I think most of it is to feel better.

If you like your job and most of the other parts of your life, you spent less
money to feel better.

But if nobody gives you a good job and you don't have much time left for the
rest of your life, you get the impression that you have to buy happiness.

Can't blame those people. Did it myself for years.

------
zamalek
A high school friend of mine wound up working as an "ATM Clark" \- essentially
the guy in charge of filling ATMs. The salary varies wildly based on how much
overtime is done, his take-home salary was usually $2500/month (which lies in
the richer portion of the middle class in South Africa). His colleague did no
overtime and took home $500/month.

This guy who only earned $500 spent $400 on a loan and insurance for a Golf
GTi (one of the status symbol cars in South Africa). My friend who earned 5
times as much drove around in a derelict '92 VW Fox.
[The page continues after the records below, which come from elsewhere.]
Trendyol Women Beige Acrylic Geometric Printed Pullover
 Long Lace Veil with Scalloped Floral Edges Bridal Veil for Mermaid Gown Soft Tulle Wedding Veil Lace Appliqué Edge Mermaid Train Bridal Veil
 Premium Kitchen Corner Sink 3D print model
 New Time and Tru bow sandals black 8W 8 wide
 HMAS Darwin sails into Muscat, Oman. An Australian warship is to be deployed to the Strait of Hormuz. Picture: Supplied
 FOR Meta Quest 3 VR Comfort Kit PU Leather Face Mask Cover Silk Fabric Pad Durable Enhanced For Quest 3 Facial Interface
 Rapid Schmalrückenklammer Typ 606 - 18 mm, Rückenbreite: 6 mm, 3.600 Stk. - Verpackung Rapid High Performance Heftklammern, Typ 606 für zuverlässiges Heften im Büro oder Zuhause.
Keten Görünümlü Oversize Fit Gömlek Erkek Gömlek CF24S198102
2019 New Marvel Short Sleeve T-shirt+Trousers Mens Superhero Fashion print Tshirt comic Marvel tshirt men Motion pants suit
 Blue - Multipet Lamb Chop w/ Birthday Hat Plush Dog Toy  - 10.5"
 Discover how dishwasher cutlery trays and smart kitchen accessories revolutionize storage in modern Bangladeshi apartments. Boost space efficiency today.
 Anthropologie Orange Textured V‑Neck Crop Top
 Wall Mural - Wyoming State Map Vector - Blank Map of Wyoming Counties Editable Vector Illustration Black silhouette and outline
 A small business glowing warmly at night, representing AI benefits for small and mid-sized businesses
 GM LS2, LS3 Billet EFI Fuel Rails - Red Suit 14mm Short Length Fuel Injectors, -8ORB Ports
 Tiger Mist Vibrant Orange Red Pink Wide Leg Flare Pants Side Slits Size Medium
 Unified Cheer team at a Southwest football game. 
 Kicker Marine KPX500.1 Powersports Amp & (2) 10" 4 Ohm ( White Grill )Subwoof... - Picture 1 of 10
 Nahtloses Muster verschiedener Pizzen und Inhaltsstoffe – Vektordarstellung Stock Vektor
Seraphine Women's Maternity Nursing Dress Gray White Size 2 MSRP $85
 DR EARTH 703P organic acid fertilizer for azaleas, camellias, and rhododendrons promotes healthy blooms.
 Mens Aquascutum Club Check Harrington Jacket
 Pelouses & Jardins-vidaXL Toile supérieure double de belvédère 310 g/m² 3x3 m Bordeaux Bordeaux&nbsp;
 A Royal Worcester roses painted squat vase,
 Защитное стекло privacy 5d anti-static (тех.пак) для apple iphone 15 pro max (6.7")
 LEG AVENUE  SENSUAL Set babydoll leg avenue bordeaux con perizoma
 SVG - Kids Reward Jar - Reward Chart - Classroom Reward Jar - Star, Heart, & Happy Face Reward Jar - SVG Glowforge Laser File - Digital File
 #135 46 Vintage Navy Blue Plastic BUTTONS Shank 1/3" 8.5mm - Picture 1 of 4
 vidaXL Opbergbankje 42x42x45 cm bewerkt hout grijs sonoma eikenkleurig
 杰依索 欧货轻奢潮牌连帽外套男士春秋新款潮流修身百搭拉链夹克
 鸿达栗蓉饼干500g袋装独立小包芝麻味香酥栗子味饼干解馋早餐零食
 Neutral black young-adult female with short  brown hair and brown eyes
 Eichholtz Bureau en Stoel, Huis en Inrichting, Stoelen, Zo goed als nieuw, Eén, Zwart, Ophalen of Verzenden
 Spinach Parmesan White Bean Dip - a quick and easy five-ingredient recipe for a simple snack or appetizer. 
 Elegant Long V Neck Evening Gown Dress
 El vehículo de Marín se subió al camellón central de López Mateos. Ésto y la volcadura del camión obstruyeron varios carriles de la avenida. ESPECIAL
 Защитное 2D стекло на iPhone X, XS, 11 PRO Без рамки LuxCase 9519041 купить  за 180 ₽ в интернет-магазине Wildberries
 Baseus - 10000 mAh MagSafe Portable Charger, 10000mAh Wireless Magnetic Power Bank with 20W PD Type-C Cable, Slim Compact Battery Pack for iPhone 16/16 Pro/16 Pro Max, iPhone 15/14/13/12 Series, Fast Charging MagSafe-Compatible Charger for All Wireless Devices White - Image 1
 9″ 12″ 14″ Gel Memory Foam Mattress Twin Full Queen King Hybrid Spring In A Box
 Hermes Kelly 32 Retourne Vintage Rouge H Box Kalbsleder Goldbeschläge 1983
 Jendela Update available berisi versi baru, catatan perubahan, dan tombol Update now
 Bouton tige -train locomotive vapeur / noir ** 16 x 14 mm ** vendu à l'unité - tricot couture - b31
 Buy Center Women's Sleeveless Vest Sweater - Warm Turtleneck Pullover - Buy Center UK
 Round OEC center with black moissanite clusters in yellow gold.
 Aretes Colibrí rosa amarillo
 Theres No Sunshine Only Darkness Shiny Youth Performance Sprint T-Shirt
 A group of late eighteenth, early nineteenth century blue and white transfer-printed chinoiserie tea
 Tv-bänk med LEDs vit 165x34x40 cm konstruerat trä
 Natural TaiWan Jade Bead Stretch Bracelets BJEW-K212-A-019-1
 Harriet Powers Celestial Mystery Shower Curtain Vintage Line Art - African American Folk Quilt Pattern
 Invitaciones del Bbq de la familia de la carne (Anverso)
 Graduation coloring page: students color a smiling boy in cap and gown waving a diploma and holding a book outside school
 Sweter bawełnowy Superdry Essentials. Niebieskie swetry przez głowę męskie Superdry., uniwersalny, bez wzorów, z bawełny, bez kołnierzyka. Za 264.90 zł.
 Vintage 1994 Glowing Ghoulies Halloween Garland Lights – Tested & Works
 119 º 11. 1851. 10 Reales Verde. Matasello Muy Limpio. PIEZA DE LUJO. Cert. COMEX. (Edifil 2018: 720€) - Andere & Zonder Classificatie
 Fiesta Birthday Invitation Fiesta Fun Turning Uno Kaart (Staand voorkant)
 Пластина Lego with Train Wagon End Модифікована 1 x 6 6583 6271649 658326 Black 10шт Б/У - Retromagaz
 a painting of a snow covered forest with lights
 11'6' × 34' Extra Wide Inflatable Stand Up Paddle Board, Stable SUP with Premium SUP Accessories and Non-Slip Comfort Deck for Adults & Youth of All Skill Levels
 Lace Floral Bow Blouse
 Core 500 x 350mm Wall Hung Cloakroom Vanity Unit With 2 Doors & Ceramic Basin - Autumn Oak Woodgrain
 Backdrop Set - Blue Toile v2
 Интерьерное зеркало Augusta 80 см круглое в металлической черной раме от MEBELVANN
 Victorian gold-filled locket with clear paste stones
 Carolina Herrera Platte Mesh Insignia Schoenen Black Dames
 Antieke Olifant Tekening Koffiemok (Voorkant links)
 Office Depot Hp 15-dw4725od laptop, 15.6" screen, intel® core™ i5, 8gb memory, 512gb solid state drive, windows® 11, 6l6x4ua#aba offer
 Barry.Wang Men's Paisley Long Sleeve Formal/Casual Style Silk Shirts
So I've seen it first-hand, "stupid poor people spending stupid amounts of
money on stupid things." In the same way me and my friend spent stupid amounts
of money on our own type of stupid things. We bought smartphones (back in
2005, this was the WinMo days) so that we could tinker with them. Instead of
getting a prestige symbols we got toys that we could play with.

Whether or not something is stupid depends on who you ask. If you ask a poor
person whether someone buying a nice car is stupid they will probably say
"no." If you ask them whether buying a smartphone (pre-iPhone, remember) is a
stupid idea they would definitely say "yes." I would guess it speaks about the
underlying psychology of wealth: those with no monetary wealth seek approval
from others (prestige symbols: cars, handbags, etc.) and those with much seek
approval from themselves (toys: fast internet, flashy computers, etc.).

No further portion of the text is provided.